There’s also a part where Bemis sing-laughs, which is actually pretty impressive and uniquely hilarious. “Vector” is filled with creativity, and an ironically upbeat sound. The guitar-driven opening of “Chia-Like I Shall Grow” is a head-bobbing experience that continues the theme of fantastically surreal lyrics. “I discard all feelings/The stars scar my ceiling/I won’t spare you.” Again, Bemis shows his ability to craft a genuinely interesting and original line. “I Want To Know Your Plans”, an acoustic track that’s especially personal to me, touches on the feeling of the one you love leaving. It’s another emotional display of songwriting; Bemis gives a remarkable vocal performance.
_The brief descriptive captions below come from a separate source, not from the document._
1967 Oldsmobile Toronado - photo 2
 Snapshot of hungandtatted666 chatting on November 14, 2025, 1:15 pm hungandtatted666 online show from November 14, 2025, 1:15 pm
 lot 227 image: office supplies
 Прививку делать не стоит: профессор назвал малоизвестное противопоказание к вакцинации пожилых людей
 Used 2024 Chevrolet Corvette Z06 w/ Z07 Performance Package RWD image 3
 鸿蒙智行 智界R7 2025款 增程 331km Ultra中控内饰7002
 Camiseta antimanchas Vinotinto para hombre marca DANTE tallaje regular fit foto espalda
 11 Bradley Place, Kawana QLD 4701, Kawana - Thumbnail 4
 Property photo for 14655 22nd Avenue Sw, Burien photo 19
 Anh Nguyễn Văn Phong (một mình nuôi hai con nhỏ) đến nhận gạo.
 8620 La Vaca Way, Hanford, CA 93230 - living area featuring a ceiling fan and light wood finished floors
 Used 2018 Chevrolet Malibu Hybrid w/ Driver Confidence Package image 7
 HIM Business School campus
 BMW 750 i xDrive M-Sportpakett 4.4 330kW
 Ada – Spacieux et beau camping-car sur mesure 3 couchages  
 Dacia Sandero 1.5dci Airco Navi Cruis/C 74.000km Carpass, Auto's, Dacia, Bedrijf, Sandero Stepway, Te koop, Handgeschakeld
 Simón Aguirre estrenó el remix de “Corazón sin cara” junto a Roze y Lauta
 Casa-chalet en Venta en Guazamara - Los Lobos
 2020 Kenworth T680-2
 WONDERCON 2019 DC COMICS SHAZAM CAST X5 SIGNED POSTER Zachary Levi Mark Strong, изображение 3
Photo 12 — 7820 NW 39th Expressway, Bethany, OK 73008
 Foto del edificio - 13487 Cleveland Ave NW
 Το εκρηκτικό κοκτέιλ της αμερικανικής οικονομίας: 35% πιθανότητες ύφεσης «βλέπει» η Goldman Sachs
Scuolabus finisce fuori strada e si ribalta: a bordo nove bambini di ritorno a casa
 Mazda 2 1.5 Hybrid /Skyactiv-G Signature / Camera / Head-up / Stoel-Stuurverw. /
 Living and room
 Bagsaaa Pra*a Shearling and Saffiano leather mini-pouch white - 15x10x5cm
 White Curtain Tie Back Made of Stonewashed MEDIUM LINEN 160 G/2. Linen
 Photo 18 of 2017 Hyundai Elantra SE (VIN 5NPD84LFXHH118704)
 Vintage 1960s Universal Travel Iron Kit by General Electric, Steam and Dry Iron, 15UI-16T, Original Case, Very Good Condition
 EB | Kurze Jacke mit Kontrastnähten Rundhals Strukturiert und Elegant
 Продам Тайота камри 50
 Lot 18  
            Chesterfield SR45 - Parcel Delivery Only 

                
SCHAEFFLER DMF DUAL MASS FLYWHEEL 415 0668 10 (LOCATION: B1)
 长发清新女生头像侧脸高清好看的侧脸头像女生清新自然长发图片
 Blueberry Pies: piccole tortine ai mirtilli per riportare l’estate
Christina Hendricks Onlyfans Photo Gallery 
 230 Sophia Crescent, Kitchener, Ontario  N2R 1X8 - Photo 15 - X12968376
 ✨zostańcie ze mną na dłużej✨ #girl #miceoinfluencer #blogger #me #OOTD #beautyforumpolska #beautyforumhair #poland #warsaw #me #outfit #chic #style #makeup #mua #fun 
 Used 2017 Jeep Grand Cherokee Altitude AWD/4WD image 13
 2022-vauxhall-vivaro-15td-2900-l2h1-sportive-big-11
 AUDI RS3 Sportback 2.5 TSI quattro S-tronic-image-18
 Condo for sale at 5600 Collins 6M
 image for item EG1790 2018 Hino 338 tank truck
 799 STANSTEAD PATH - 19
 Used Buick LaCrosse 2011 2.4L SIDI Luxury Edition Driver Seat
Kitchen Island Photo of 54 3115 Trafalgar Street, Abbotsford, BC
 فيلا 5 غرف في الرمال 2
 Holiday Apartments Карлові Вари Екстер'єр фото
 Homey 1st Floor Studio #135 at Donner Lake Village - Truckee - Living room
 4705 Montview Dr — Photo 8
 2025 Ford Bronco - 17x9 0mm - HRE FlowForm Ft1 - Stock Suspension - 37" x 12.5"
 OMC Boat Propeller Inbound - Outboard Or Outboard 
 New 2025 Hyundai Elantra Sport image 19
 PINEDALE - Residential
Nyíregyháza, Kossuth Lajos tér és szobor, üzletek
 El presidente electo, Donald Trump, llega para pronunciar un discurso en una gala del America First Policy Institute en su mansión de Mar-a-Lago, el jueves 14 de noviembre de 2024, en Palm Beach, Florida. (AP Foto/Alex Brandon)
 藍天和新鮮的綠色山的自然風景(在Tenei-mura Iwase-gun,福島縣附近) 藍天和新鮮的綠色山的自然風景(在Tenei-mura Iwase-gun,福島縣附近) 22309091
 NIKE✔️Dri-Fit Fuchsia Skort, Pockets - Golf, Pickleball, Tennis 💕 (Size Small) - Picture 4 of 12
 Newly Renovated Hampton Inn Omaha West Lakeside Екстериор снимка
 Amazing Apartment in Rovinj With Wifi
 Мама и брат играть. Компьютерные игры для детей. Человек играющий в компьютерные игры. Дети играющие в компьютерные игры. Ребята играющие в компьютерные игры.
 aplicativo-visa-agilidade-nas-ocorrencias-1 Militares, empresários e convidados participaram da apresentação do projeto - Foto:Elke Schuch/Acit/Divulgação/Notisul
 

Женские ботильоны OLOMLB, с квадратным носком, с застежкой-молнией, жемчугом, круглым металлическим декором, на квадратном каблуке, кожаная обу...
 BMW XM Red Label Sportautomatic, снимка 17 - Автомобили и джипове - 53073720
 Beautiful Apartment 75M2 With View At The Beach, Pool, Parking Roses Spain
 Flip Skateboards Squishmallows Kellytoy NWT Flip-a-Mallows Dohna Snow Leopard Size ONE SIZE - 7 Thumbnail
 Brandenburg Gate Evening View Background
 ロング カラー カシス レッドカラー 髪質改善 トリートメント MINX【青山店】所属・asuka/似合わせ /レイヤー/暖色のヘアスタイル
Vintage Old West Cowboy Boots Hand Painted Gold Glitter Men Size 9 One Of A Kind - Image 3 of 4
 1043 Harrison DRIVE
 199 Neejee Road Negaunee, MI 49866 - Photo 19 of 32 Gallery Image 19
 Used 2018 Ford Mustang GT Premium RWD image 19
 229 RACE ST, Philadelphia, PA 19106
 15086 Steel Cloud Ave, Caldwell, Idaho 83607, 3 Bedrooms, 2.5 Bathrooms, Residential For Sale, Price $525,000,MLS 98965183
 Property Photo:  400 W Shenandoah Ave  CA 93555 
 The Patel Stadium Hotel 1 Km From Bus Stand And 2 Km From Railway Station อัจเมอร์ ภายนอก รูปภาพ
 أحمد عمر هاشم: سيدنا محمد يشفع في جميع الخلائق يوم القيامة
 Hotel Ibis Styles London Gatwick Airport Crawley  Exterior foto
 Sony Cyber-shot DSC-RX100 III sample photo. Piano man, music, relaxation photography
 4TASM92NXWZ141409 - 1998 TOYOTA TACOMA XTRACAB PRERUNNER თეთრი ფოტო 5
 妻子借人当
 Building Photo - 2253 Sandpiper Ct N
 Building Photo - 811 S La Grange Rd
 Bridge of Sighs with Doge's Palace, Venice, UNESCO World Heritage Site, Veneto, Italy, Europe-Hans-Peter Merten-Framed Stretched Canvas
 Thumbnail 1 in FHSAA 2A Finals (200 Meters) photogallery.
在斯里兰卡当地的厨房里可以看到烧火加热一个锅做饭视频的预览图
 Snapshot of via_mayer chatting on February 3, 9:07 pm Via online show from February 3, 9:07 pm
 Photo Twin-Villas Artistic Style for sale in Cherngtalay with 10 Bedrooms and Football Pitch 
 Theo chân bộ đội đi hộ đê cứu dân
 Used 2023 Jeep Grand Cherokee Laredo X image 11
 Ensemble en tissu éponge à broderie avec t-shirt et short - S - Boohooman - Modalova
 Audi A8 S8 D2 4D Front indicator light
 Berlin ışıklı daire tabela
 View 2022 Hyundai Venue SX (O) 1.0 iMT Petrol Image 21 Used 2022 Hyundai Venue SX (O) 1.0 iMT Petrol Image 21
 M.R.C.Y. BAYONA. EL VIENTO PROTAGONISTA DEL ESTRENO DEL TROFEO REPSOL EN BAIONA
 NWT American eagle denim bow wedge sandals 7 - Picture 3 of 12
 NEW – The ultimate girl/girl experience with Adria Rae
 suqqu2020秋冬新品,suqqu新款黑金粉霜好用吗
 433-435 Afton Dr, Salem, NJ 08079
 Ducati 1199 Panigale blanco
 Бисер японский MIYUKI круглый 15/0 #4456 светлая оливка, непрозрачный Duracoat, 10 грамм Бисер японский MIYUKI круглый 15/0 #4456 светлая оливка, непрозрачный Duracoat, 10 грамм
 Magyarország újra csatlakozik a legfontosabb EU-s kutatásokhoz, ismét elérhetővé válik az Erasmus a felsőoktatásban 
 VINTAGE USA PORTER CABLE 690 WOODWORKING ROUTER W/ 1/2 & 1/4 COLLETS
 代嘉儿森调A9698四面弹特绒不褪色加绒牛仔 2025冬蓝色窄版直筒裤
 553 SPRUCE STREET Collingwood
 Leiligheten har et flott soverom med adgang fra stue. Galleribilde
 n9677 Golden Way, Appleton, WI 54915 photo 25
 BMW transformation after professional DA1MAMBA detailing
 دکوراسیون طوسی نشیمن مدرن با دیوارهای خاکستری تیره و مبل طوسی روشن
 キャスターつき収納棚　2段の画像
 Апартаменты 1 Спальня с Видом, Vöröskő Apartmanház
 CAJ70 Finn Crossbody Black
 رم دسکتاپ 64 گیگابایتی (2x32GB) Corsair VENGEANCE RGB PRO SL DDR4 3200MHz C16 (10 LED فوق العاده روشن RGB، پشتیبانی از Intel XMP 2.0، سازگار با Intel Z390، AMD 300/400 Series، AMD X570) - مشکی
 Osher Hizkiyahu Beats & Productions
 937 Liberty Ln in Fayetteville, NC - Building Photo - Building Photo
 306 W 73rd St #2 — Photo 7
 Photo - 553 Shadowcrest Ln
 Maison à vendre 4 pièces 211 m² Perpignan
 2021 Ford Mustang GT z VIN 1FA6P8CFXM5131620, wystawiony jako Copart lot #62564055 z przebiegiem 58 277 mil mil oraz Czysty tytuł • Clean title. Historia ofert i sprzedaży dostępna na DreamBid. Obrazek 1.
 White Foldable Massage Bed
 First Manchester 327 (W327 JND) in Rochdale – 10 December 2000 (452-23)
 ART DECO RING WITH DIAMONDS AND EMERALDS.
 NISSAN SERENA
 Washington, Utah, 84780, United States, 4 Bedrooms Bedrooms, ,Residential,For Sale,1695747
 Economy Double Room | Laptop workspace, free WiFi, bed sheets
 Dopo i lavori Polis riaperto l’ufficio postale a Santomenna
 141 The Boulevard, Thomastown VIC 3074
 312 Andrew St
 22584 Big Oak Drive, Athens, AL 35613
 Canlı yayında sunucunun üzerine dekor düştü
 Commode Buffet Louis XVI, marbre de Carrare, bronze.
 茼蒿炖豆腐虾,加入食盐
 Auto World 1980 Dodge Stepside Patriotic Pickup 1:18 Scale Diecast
The album moves on to the massive closer, “Admit It!!!” one of the band’s most popular songs. A commentary on hipsters and their ironic and contradictory lifestyle, the song is quite the statement. With intellectual bombshells like “Despite your pseudo-bohemian appearance and vaguely leftist doctrine of beliefs/You know nothing about art or sex that you couldn’t read in any trendy New York underground fashion magazine,” it’s apparently clear whom Bemis is directing his message at. Regardless, “Admit It” is an enlightened song, with some of the smartest lyrics I’ve ever heard.
IARB is still a sensational album, that’s still as relevant today as it was nearly eight years ago. That’s a rare thing, so it makes sense that Say Anything is the band to achieve such a feat. Say what you will about the quality of their music today, but …Is A Real Boy remains one of my most favorite albums ever created.